The operating system failed to allocate memory

Hi,

When I tried to execute join clause on a two tables which holds billion records, received “Memory allocation issue”.

QUERY:
SELECT
COUNT(1)
FROM
tableA a
JOIN
tableB b
ON
a.id = b.id
WHERE
a.category = ‘Sample’;

ERROR:
Leaf Error (172.31.17.174:3306): The operating system failed to allocate memory (MemSQL memory use 26845.88 Mb).

CHECKS:
As a preliminary check, verified skew of the tables and they are looking fine. Verified total_cluster_memory, table memory. I’m using 32GB and 4 cores machine conf with two leaf nodes.

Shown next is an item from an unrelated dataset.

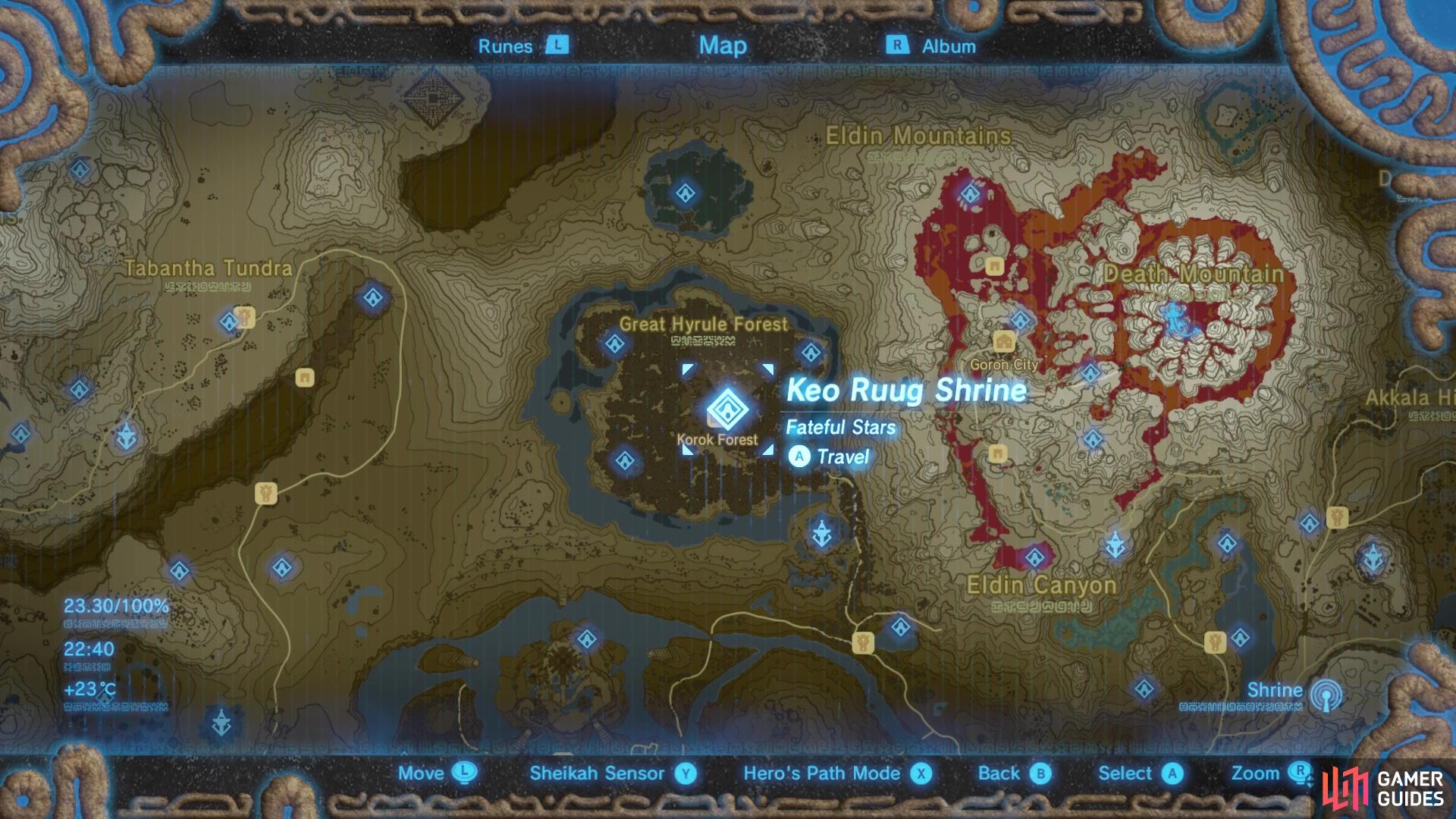 How to beat the Keo Ruug Shrine (constellation puzzle) in Breath of the Wild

select @@global.maximum_memory;
±------------------------+
| @@global.maximum_memory |
±------------------------+
| 28233 |
±------------------------+
1 row in set (0.06 sec)

memsql> select @@global.maximum_table_memory;
±------------------------------+
| @@global.maximum_table_memory |
±------------------------------+
| 25409 |
±------------------------------+
1 row in set (0.06 sec)

SHOW VARIABLES LIKE “maximum_%”;
±---------------------±------+
| Variable_name | Value |
±---------------------±------+
| maximum_memory | 28233 |
| maximum_table_memory | 25409 |
±---------------------±------+
2 rows in set (0.00 sec)

memsql> SHOW STATUS EXTENDED LIKE “Alloc_table_memory”;
±-------------------±--------------------+
| Variable_name | Value |
±-------------------±--------------------+
| Alloc_table_memory | 60.833 (+60.833) MB |
±-------------------±--------------------+
1 row in set (0.00 sec)

±--------------±-----------------±----------±----------±----------±---------±----------------±----------------±----------------±-----------±------------+
| DATABASE_NAME | TABLE_NAME | MIN(ROWS) | MAX(ROWS) | avg_rows | row_skew | MIN(MEMORY_USE) | MAX(MEMORY_USE) | total_memory_mb | avg_memory | memory_skew |
±--------------±-----------------±----------±----------±----------±---------±----------------±----------------±----------------±-----------±------------+
| test | A | 128819526 | 152154057 | 138114683 | 0.052 | 0 | 0 | 0.0000 | 0 | NULL |
| test | B | 134280452 | 142694918 | 138114683 | 0.017 | 0 | 0 | 0.0000 | 0 | NULL |

Do we need to add new leaf node and rebalance the entire cluster? or Can we maximize the cluster capacity.

Thanks
Arun

Can you share the explain for the query?

Any resolution on this error?

The queries individually in my case are running good, it’s when executed via the API… multiple queries is the problem.

Also, mine is a self hosted cluster (AWS t2.xlarge)